Samira Cook-Gaines serves as the Chief of Economic Empowerment for the National Community Reinvestment Coalition (NCRC). In the post, she provides strategic and programmatic leadership in the areas of wealth creation and asset building for NCRC’s direct services programs, including two business centers serving the Washington, DC metro area.
In 2010, Cook-Gaines founded the Washington, DC Women’s Business Center (DC WBC), which supports women entrepreneurs through training, individual consultation, mentoring. In particular, the DC WBC fuels business growth through government procurement opportunities and exporting. Under Cook-Gaines’ direction, the DC WBC has assisted over 1,000 women in achieving their business goals.
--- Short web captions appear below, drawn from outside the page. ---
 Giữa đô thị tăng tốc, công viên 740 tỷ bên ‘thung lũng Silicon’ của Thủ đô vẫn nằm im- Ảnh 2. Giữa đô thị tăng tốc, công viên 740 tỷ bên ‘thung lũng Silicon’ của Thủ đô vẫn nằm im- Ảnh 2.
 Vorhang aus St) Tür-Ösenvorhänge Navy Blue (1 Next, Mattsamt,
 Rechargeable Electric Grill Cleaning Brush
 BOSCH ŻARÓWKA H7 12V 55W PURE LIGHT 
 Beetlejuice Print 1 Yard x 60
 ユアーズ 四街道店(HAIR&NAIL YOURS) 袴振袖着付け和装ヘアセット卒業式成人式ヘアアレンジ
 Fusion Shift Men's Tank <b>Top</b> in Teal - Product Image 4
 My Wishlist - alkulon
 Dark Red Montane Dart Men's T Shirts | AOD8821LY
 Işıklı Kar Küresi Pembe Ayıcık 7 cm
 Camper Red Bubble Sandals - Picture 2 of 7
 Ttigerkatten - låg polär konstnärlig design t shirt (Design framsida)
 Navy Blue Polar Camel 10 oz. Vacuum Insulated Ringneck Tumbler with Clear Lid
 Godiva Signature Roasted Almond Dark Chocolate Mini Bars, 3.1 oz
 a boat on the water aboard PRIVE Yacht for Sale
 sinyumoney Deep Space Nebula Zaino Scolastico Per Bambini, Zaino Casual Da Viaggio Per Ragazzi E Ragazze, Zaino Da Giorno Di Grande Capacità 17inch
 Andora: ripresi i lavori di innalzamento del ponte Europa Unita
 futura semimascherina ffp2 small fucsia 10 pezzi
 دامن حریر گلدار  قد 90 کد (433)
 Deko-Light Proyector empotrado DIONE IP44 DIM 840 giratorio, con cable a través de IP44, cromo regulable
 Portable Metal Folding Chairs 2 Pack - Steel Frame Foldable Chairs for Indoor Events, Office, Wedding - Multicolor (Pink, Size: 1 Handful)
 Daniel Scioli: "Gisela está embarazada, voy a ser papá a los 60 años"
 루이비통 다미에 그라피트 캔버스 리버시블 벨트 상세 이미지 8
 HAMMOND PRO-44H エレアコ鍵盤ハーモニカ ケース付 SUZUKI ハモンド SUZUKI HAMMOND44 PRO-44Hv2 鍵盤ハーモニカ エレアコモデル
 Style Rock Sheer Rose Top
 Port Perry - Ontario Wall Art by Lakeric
In honor of her work with small businesses, Cook-Gaines was selected as a White House Champion for Change in the area of entrepreneurship mentoring.
Cook-Gaines received her Bachelor of Arts degree from Mount Holyoke College in Massachusetts and her Master of Public Administration degree from The George Washington University in Washington, DC. She is also an active member of her Fort Lincoln neighborhood and volunteers, and a board member of the Association of Women’s Business Centers, and the Brandywine Street Association. Cook-Gaines is a proud member of Alpha Kappa Alpha Sorority Incorporated.
Usman Ahmed is the Head of Global Public Policy at PayPal Inc. His work covers a variety of global issues including financial services regulation, innovation, international trade, and entrepreneurship. He has given talks on these subjects at conferences and universities around the world and has published in the World Economic Forum Global Information Technology Report, MIT Press Innovations Journal, and the Boston University International Law Journal. Ahmed is also an Adjunct Professor of Law at Georgetown University Law School where he teaches a course on Fintech Law and Policy. Prior to PayPal, Ahmed worked at a number of policy think tanks in the Washington DC area focusing on good governance issues.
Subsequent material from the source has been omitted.